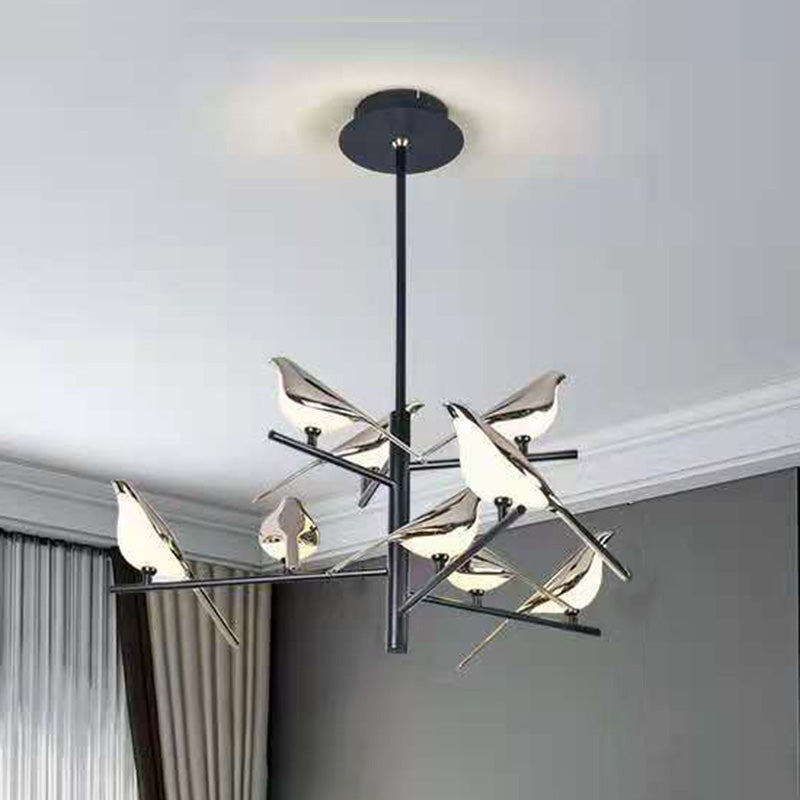 WOMO Black and Gold Bird Chandelier-WM2512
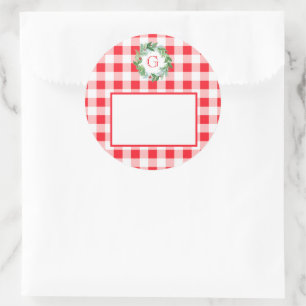Waterverf Dennenkrans MONOGRAM Rode Check Ronde Sticker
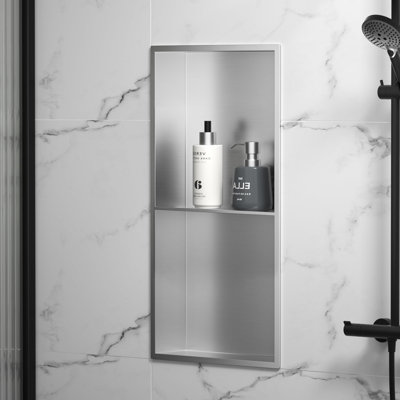 Double Shelves SUS304 Stainless Shower Niche 24Inch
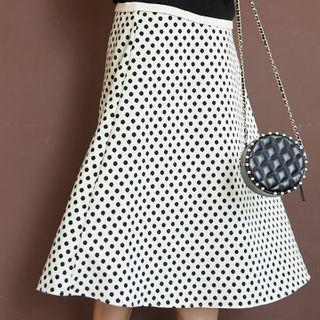 Band-waist Polka-dotted A-line Skirt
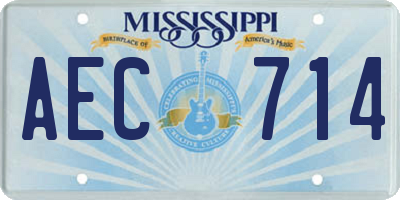 MS license plate AEC714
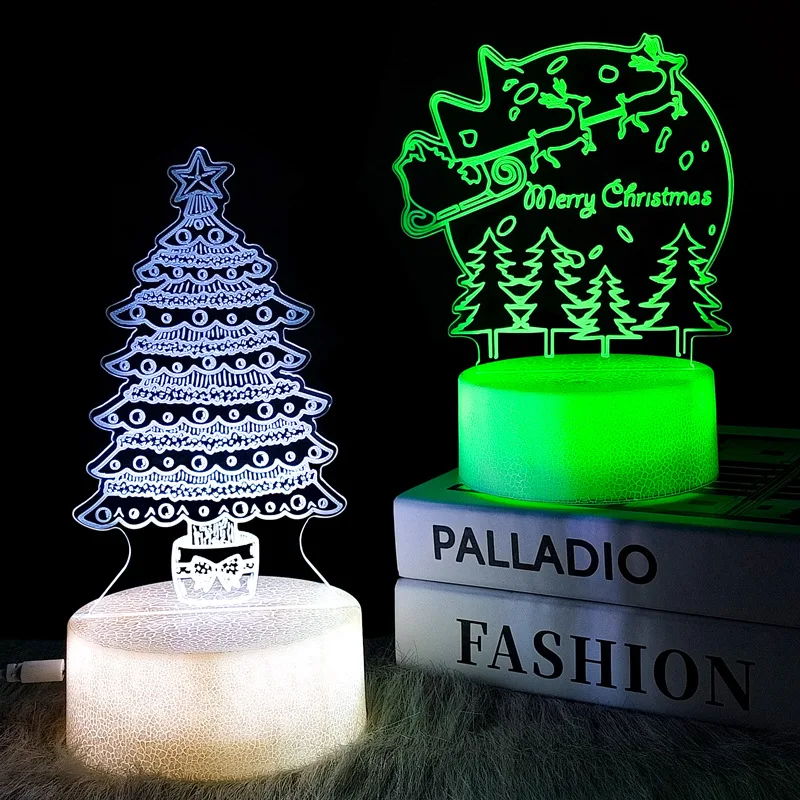 Christmas Tree Acrylic Model 3d Nightlight Luminous Base Creative Colorful Touch Remote Control Night Light Atmosphere Lights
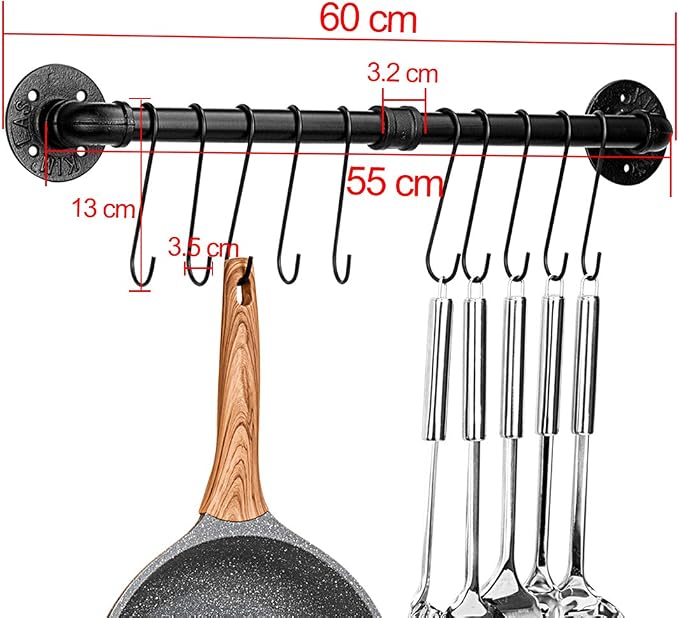 Toplife 23.7 inch Pot Rack, Kitchen Wall Mounted Detachable Pan Lid Utensils - Image 2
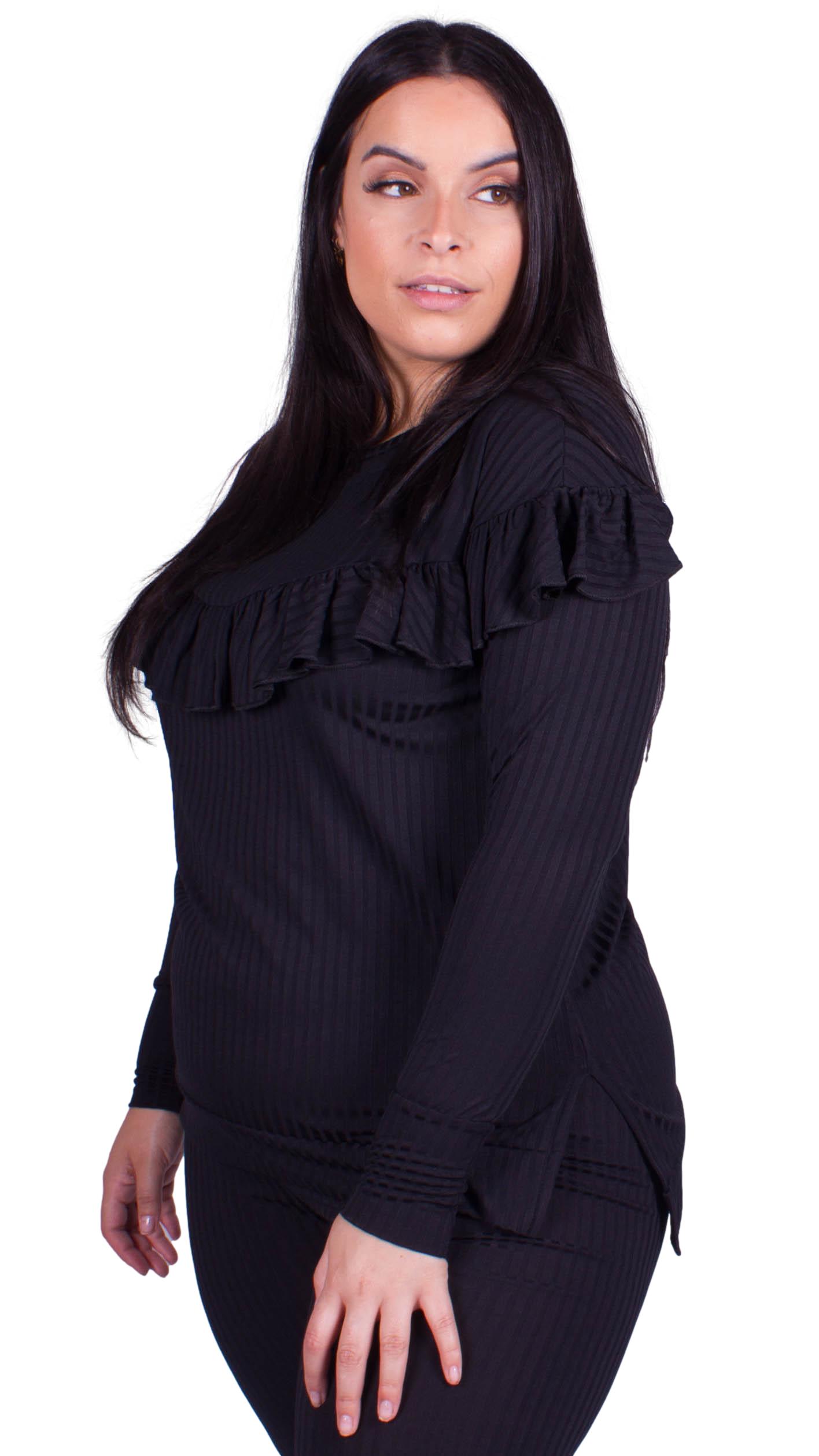 CurveWow Ribbed Frill Lounge Top Black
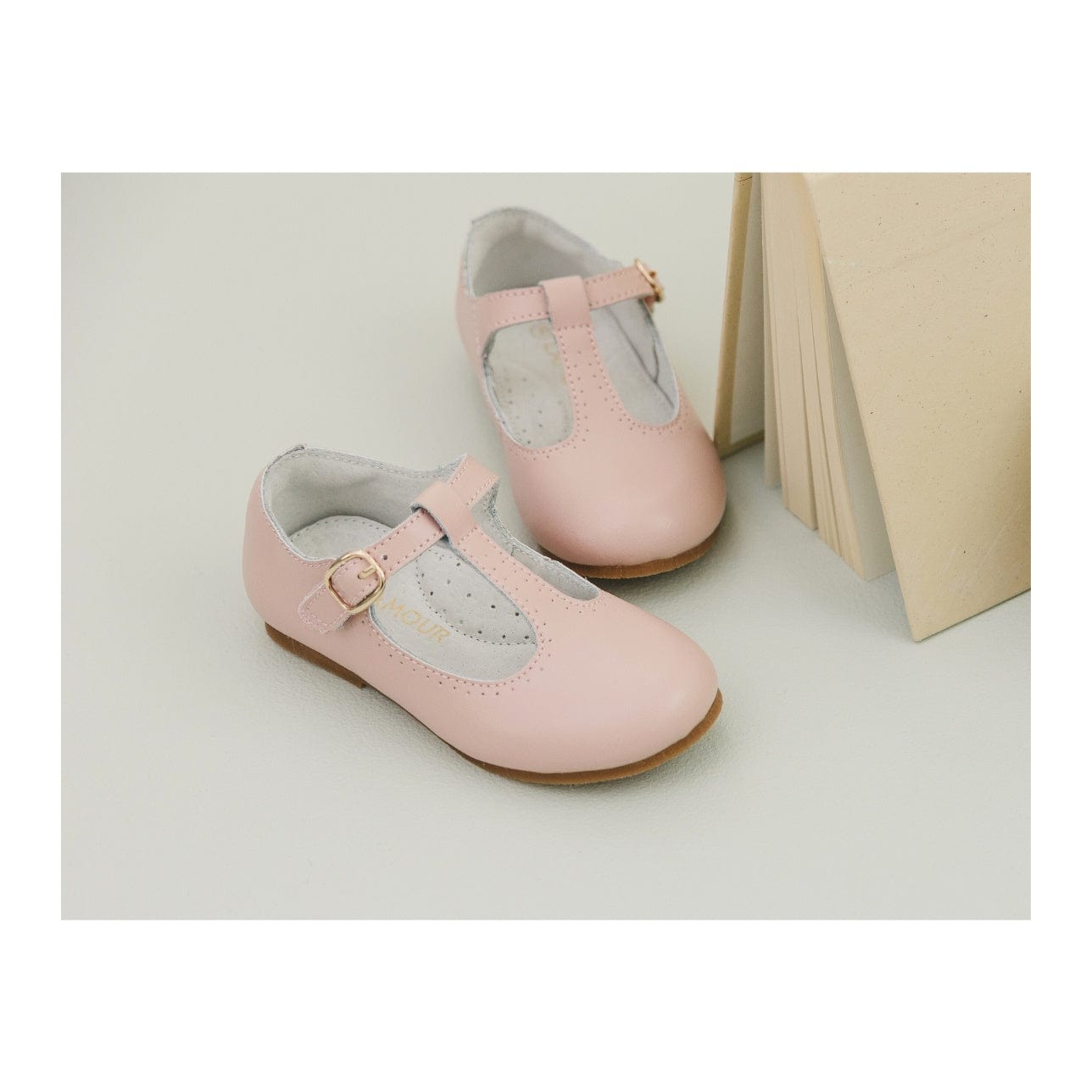 L'Amour Shoes L'Amour Eleanor T-Strap Flat in Pink - Little Miss Muffin Children & Home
◇ ◇ ◇ ◇ ◇ ◇ ◇
Take the lines from the one that contains "Double Shelves SUS304" through the last line of the material above and reproduce them exactly, leaving out any pictures.

 Double Shelves SUS304 Stainless Shower Niche 24Inch
 Band-waist Polka-dotted A-line Skirt
 MS license plate AEC714
 Christmas Tree Acrylic Model 3d Nightlight Luminous Base Creative Colorful Touch Remote Control Night Light Atmosphere Lights
 Toplife 23.7 inch Pot Rack, Kitchen Wall Mounted Detachable Pan Lid Utensils - Image 2
 CurveWow Ribbed Frill Lounge Top Black
 L'Amour Shoes L'Amour Eleanor T-Strap Flat in Pink - Little Miss Muffin Children & Home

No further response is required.